Deciding the appeal of a whistleblower who claimed he was fired for arguing that a company should make certain disclosures under Sarbanes-Oxley, the court clarified the burden-shifting framework for retaliation claims under the act, 18 U.S.C. §1514A.
In 2001, J. Scott Bechtel was hired as vice president of technology commercialization by Competitive Technologies Inc. (CTI), a company that acts as an agent for patent holders who want to license or sell technologies to companies that will bring them to market.
In 2002, after CTI hired John Nano as president and CEO, Nano and Bechtel began to clash. In October 2002, Bechtel reported to the company's general counsel that Nano, in an effort to quickly generate revenue and keep the company out of bankruptcy, might be violating certain legal requirements.
In December 2002 and March 2003, Bechtel was asked, and agreed, to join a committee to review the company's financial transactions and make recommendations on its disclosure obligations under Sarbanes-Oxley.
At both meetings, Bechtel and other committee members disagreed over what disclosures were required. Fearing personal liability under the act, Bechtel refused to sign the relevant disclosure forms.

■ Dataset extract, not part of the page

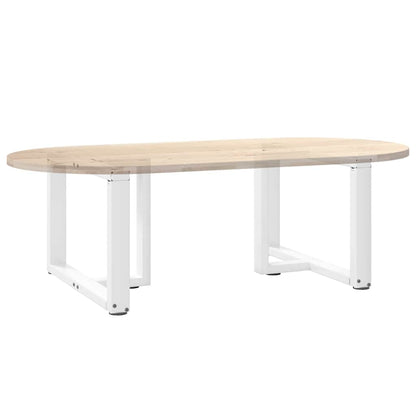 vidaXL Couchtischbeine T-Form 2 Stk. Weiß 60x25x(42-43) cm Stahl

In May 2003, the CTI board approved a cost-cutting proposal by Nano that included terminating Bechtel. Nano fired him the next month.
Three months later, Bechtel filed a whistleblower complaint under the act with the Department of Labor's Occupational Safety and Health Administration (OSHA).
In 2005, OSHA found there was reasonable cause to believe CTI violated the act, and it ordered Bechtel be reinstated, given back wages and awarded compensatory damages.
CTI filed objections to the findings and sought a formal hearing before an administrative law judge (ALJ).